I have spent my career building compliance programmes and governance frameworks for organisations that do not have the luxury of Fortune 500 budgets. The work is technical, often tedious, and absolutely critical. But the clearest lessons I have learned about doing it well did not come from an audit report or a NIST publication. They came from a gymnasium full of 10-year-olds.
Never Fire on the Go
The first thing you teach a young player is to stop moving before taking a shot. Kids want to launch the ball while sprinting toward the basket because the game feels urgent and they are afraid someone will take the opportunity away. The result is predictable: the shot sails wide, the fundamentals collapse, and they wonder what went wrong.
SMBs make the same mistake with compliance. A new regulation drops or a vendor sends over a security questionnaire, and the instinct is to react immediately. Someone throws together a policy document on the fly. Controls get implemented without mapping them to actual risk. The organisation fires on the go, and the shot misses.
The fix is the same on the court and in the boardroom. Set your feet. Establish your base. In GRC terms, that means having a governance framework in place before the pressure arrives. It means your risk register exists before the audit notice, not after. It means your policies are written, reviewed and approved as a matter of routine, not crisis response.

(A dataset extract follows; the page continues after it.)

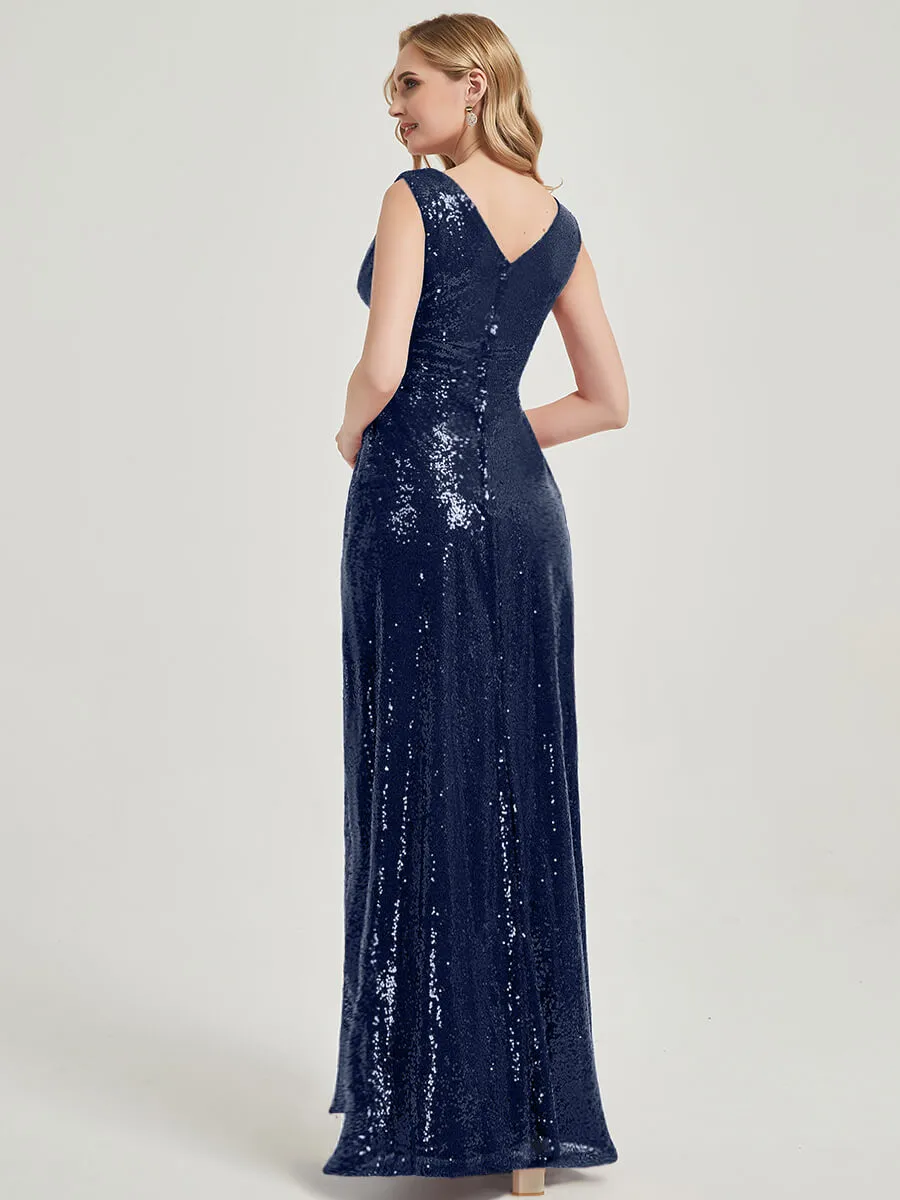 Navy Blue V-Neck Sleeveless Floor Length Sequin Bridesmaid Dress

You cannot hit a target you are rushing past. Stop. Square up. Then shoot.
Even When They Double Down, Shoot Anyway
Every young player encounters the moment when a defender gets in his face. Sometimes two defenders collapse on him. The natural reaction is to pass the ball, pull back or simply freeze. But the coached response, the disciplined response, is to take the shot anyway. Not recklessly. With technique, with confidence, and with the understanding that the defence is trying to intimidate you out of doing what you trained to do.

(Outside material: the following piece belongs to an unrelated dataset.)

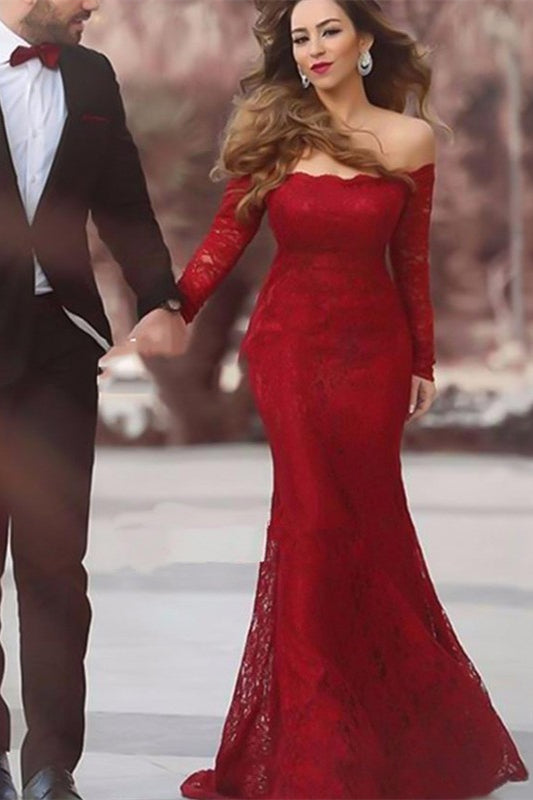 Burgundy Long Sleeves Mermaid Evening Dress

Organisations face the same pressure in compliance. A regulatory requirement feels onerous. A framework mapping exercise reveals uncomfortable gaps. An executive pushes back on the cost of a control implementation, or a department resists a new policy because "we have always done it this way." The adversary doubles down.
The temptation is to soften the programme. Water down the policy language. Grant exceptions that become permanent. Defer the remediation to next quarter, and then the quarter after that. But the risk does not defer itself. The threat landscape does not wait for your organisation to feel comfortable.
Shoot anyway. Present the findings. Enforce the policy. Document the risk acceptance if leadership chooses a different path, but do not let pressure talk you out of doing the work. The defenders are supposed to make it hard. That is their job. Yours is to take the shot with good form regardless.
Run Your Plays
The least glamorous part of coaching is running the same play 50 times in practice. Kids want to improvise. They want to freelance. And occasionally, a talented player can get away with it. But talent without structure is unreliable, and unreliable is a losing strategy over a full season.
The plays exist for a reason. When every player knows where to be and when to be there, the offence flows. When the point guard calls "32" and everyone cuts to the right spot, the open look appears almost like magic. It is not magic. It is muscle memory. It is the product of doing the boring work so many times that the right response becomes automatic.
GRC programmes work the same way. The policy review cycle is a play. The incident response plan is a play. The quarterly risk assessment, the access review, the vendor evaluation, these are all plays. They are not exciting. Nobody wins an award for completing a tabletop exercise on schedule. But when the real incident hits, when the auditor arrives, when the breach notification clock starts ticking, the organisation that has run its plays responds with precision. The organisation that freelanced responds with panic.
Muscle memory is not just a physical phenomenon. It is organisational. Every time your team executes a process the same disciplined way, you are building the reflexes that will carry you through the moments that matter most.
The Buzzer
Youth basketball is not really about basketball. It is about teaching young people that discipline, preparation and composure under pressure are transferable skills. They will use those lessons long after they forget the plays.
GRC is not really about compliance, either. It is about building organisations that can absorb pressure, respond to adversity and execute with consistency. The frameworks and controls are just the mechanics. The real programme lives in the culture you build around them.
Set your feet. Take the shot. Run your plays.
The fundamentals win games. They also pass audits.